Henüz hakem incelemesinden geçmemiş olan yeni makale, tuhaf bir soru ile yola çıkıyor: İnsanların bir gün gezegenimizi istila edebilecek düşmanca bir uzaylı uygarlığıyla temas kurma ihtimali nedir?
İspanya’daki Vigo Üniversitesi’nde çatışma çözümü alanında doktora öğrencisi olan tek çalışma yazarı Alberto Caballero, bu soruya cevap vermek için yıldızlara bakmadan önce insanlık tarihine bakarak işe başladı. Ancak bu noktada Caballero’nun bir astrofizikçi olmadığını belirtmekte fayda var.
Caballero’nun çalışmasında yazdığı üzere “Bu makale, insan uygarlığı olarak, yerleşik bir dış gezegene saldırma veya onu istila etme olasılığımızın bir tahminini yaparak, düşman dünya dışı uygarlıkların yaygınlığına dair bir tahmin sağlamaya çalışıyor.“
Caballero, tahminine ulaşmak için ilk olarak 1915 ve 2022 arasında diğer ülkeleri işgal eden ülkelerin sayısını belirledi. Bu süre içerisinde Dünya’daki 195 ulustan toplam 51’inin bir tür istila başlattığını buldu. ABD, bu süre içerisinde 14 istila ile listenin başında yer alıyordu. Sonrasında, her ülkenin bir işgal başlatma olasılığını, o ülkenin küresel askeri harcamalarının yüzdesine göre değerlendirdi. ABD, bir kez daha, küresel askeri harcamaların %38’i ile ilk sırada yer aldı.

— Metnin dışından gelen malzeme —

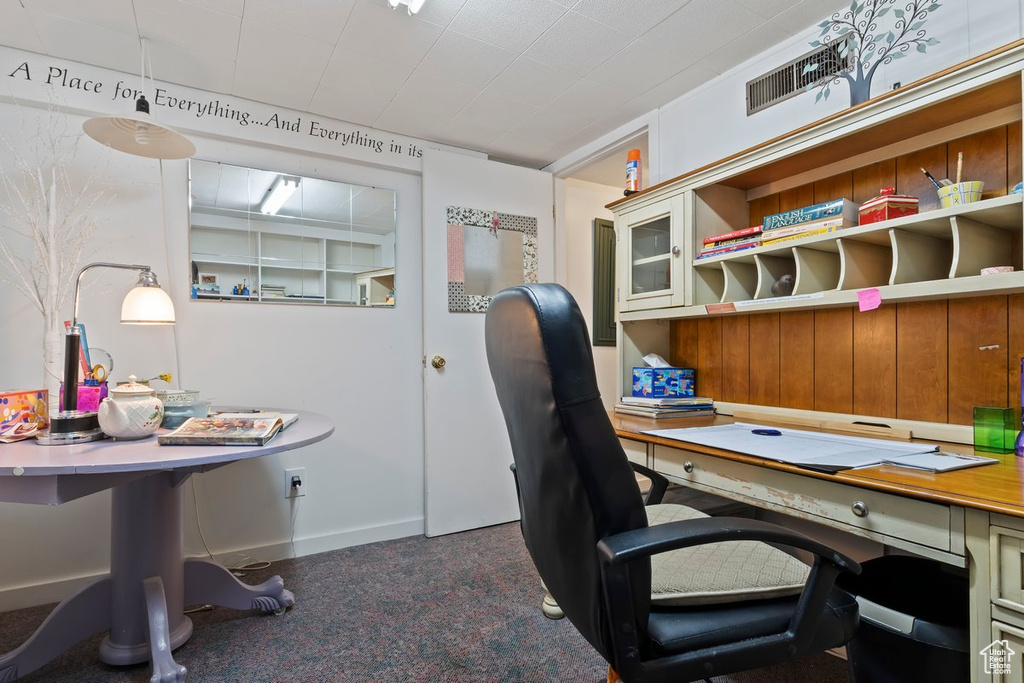 Carpeted home office featuring baseboards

Sonrasında Caballero, her ülkenin bir istila başlatma olasılığını ekledi, ardından toplamı Dünya’daki toplam ülke sayısına böldü ve “insanların dünya dışı bir uygarlığı istila etme olasılığı” olarak tanımladığı sayıyı buldu.
Bu modele göre, insanların başka bir gezegeni işgal etme olasılığı %0.028. Ancak Caballero, bu olasılığın insan uygarlığının mevcut durumuna atıfta bulunduğunu belirtti ve insanlar şu anda yıldızlararası seyahat etme yeteneğine sahip değil. Caballero’nun bir uygarlığın ne kadar gelişmiş olduğunu enerji harcamasına dayalı olarak kategorize ettiğinde ortaya çıktığına göre, mevcut teknolojik gelişme hızı devam ederse, yıldızlararası seyahat 259 yıl daha mümkün olmayacak.

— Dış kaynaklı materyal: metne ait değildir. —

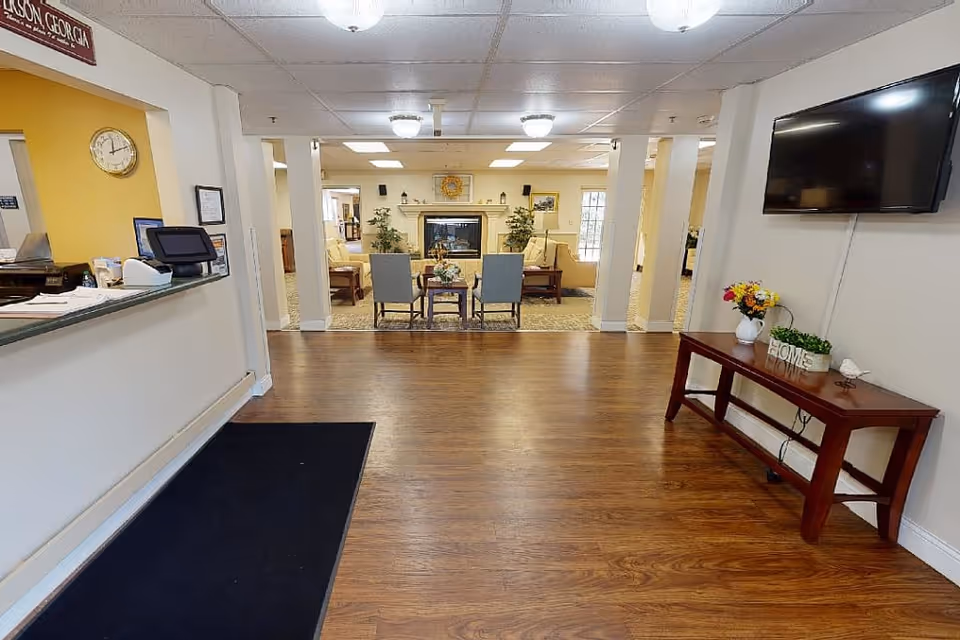 Entrance lobby of a senior living facility with a reception desk to the left, a seating area and fireplace ahead, and a TV on the right.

Bu süre boyunca insan istilalarının sıklığının son 50 yılda istilaların azaldığı oranda (Caballero’nun makalesine göre, yılda ortalama eksi %1,15) azalmaya devam ettiği varsayılırsa, bundan 259 yıl sonra potansiyel olarak bir yıldızlararası veya Tip 1 uygarlık haline geldiğimizde, insan ırkının başka bir gezegeni işgal etme olasılığı %0,0014 olacak.
Bu ihtimal kulağa çok düşük gibi gelebilir ve bu sayıyı Samanyolu’ndaki milyonlarca potansiyel olarak yaşanabilir gezegen ile çarpmaya başlayana kadar da küçük kalır. Caballero, son hesaplaması için Mathematical SETI dergisinde yayınlanan ve araştırmacıların 15.785 kadar uzaylı uygarlığının galaksiyi teorik olarak insanlarla paylaşabileceğini tahmin ettiği 2012 tarihli bir makaleyi kullandı.
Caballero, Tip 1 uygarlıklardan birinden daha azının (tam olarak 0.22) temas kuran insanlara düşman olacağı sonucuna vardı. Caballero Vice News’e, modern insanlar gibi henüz yıldızlararası seyahat yeteneğine sahip olmayan medeniyetler hesaba katıldığında, kötü niyetli komşuların sayısını 4,42 olarak tespit ediyor.
Dört düşman uzaylı ırk, endişelenecek bir şey gibi görünmüyor. Ayrıca, Caballero, insanların bu kötü niyetli uygarlıklardan biriyle temasa geçme ve daha sonra onlar tarafından istila edilme olasılığının yok denecek kadar az olduğunu ekliyor.
Caballero’nun makalesinde, dinozorları ölüme mahkûm eden asteroitler gibi gezegenleri öldüren asteroitlerin 100 milyon yılda bir gerçekleşen olaylar olduğunu ekleyerek “gezegenini ilettiğimiz bir uygarlığın dünya dışı istilası olasılığı… gezegeni öldüren bir asteroit çarpışması olasılığından yaklaşık iki kat daha düşük” yazıyor.
Caballero’nun çalışması ilginç bir düşünce deneyi sunsa da yazar, modelinin sınırlamaları olduğunu kabul ediyor. İstila olasılığı, insanlık tarihinin çok dar bir dilimine dayanıyor ve türümüzün gelecekteki gelişimi hakkında birçok varsayımda bulunuyor. Ayrıca Caballero, Vice ile görüşmesinde modelin aynı zamanda uzaylı zekasının insanlardakine benzer beyin kompozisyonlarına, değerlere ve empati duygularına sahip olacağını varsaydığını ancak durumun böyle olmayabileceğini de belirtiyor.